Doping the dream first


The interplay between a sharp rise in demand and a tight market has caused prices to soar by up to 20% between 2020 and 2021. While noting the stabilization that has set in on this strong market since early 2022, specialists categorically refute any speculative phenomenon driven by commodity traders. "With a 50% tax on resale for two years, tax rules are restrictive. Geneva is not Dubai! Like all wealthy buyers, traders buy to establish themselves in the medium or long term," notes Bardiya Louie. Twenty years ago, buying a property was linked to a long-term life project," observes Maxime Dubus, Director of SPG One - Christie's International Real Estate. Nowadays, traders don't set up shop to resell, but they do consider the purchase as an asset, their speculative spirit being obviously linked to their profession."  Corinne Dubois, senior economist at Wüest Partner, echoes this, noting "the rationality of buying on impulse, since acquisitions must also make financial sense".


Hyper luxury, a haven of stability

The attractiveness of Geneva's hyper-luxury sector remains strong in an international context characterized by an increasing number of crises. Thanks to the canton's solid political and economic foundations, combined with a business-friendly tax system, the market should remain as buoyant in 2024 as it was in 2023, both in terms of number of transactions and volume," predict the specialists. "This real estate segment is a haven of stability," sums up Maxime Dubus. Supply remains limited, overvalued properties continue to stagnate on the market, and the scarcity of available plots of land is boosting conversion-renovation operations, while new construction is virtually non-existent.

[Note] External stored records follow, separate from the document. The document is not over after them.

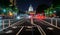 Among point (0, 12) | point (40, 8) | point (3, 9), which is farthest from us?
point (40, 8)

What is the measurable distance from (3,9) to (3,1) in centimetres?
384

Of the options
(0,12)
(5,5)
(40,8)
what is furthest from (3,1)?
(40,8)

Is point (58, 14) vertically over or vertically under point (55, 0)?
under

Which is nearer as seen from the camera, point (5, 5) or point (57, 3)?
point (57, 3)

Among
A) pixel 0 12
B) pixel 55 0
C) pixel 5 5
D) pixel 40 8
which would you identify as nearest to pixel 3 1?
pixel 5 5

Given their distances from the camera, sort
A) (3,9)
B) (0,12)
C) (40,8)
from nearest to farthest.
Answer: (0,12) → (3,9) → (40,8)

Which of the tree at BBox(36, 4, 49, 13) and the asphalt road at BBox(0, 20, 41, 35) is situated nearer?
the asphalt road at BBox(0, 20, 41, 35)

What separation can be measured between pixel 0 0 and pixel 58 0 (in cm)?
2592

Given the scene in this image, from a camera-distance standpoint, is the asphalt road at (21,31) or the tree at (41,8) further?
the tree at (41,8)

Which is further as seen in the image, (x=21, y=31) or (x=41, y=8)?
(x=41, y=8)

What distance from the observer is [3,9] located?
9069 centimetres

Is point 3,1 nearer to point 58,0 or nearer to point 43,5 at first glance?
point 58,0

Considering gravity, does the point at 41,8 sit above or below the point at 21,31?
above

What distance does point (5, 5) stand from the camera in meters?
92.9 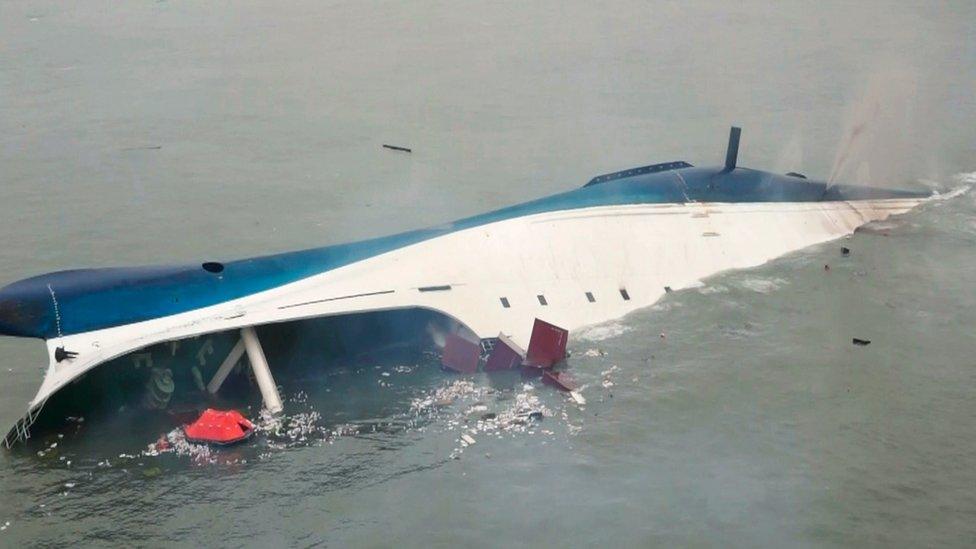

As for commodity traders, boosted by the military and political turbulence, they are well on the way to seeing their sky-high dividends continue to rise. With a half-year net profit of $5.5 billion, Trafigura is heading for a fourth record year, surpassing last year's performance of $7 billion. 1.7 billion in dividends distributed to its shareholders, all of whom are employees of the Group. Vitol, Mercuria and Gunvor, our main competitors all based in Geneva, should continue to enjoy the same favourable trend.

These prospects are also having an impact on Alpine real estate. "Traders who have already settled in Geneva are continuing to invest in second homes in ski resorts in both the Swiss and French Alps," notes Maxime Dubus.